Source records
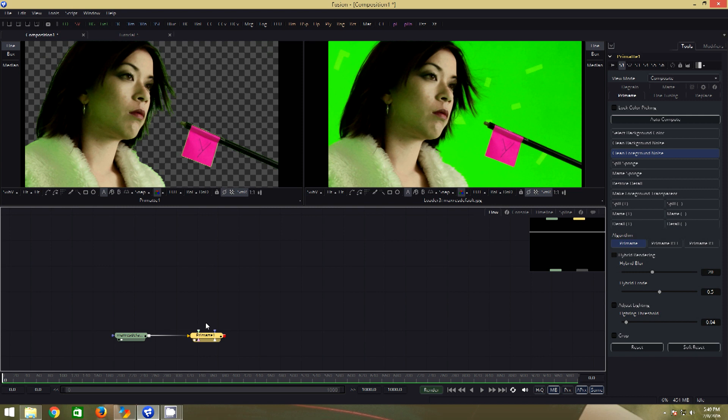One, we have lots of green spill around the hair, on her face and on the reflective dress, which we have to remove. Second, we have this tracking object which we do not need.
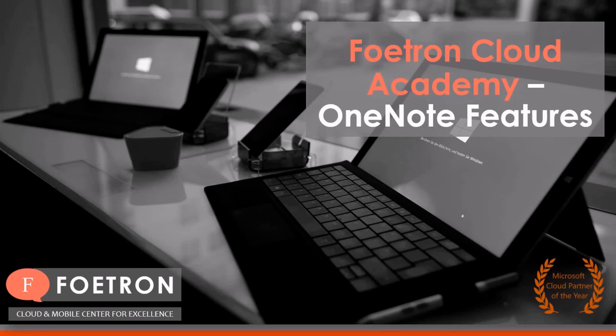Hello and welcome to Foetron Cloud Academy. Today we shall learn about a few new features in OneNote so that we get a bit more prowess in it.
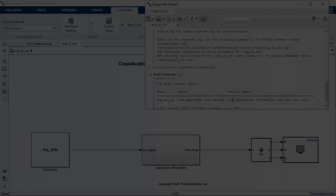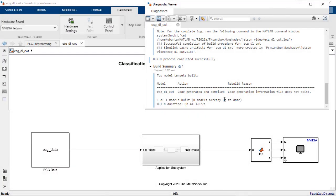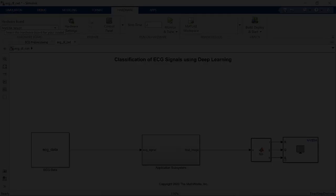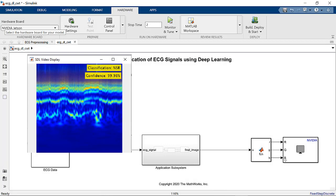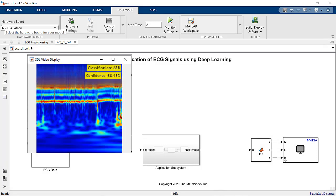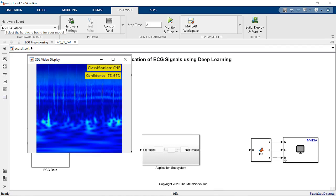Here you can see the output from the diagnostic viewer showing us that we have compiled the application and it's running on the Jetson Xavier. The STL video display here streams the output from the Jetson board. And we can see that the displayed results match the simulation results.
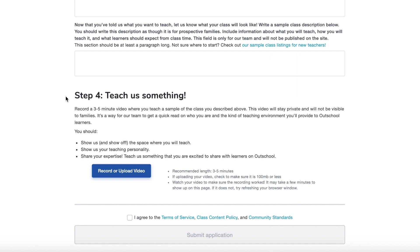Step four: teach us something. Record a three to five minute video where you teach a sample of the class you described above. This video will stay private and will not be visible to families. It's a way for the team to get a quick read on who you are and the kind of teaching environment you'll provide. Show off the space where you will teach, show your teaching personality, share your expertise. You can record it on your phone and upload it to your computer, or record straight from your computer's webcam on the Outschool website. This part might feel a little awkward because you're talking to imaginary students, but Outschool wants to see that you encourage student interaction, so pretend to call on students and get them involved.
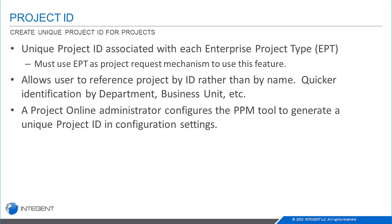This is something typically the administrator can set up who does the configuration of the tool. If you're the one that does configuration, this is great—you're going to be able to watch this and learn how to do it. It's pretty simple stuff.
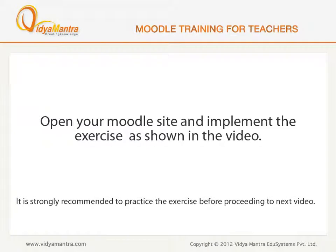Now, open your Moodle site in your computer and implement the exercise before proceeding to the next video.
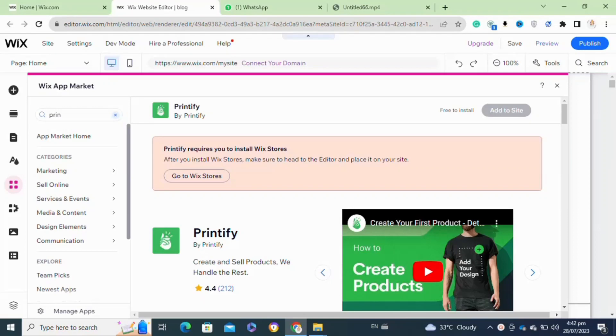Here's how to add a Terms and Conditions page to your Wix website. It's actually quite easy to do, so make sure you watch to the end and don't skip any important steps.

- [Task] The line that contains "This is something" opens the part to copy, and the last line of the records closes it; set down those lines exactly, pictures excluded.

- [Written solution]
This is something typically the administrator can set up who does the configuration of the tool. If you're the one that does configuration, this is great—you're going to be able to watch this and learn how to do it. It's pretty simple stuff.
Now, open your Moodle site in your computer and implement the exercise before proceeding to the next video.
Here's how to add a Terms and Conditions page to your Wix website. It's actually quite easy to do, so make sure you watch to the end and don't skip any important steps.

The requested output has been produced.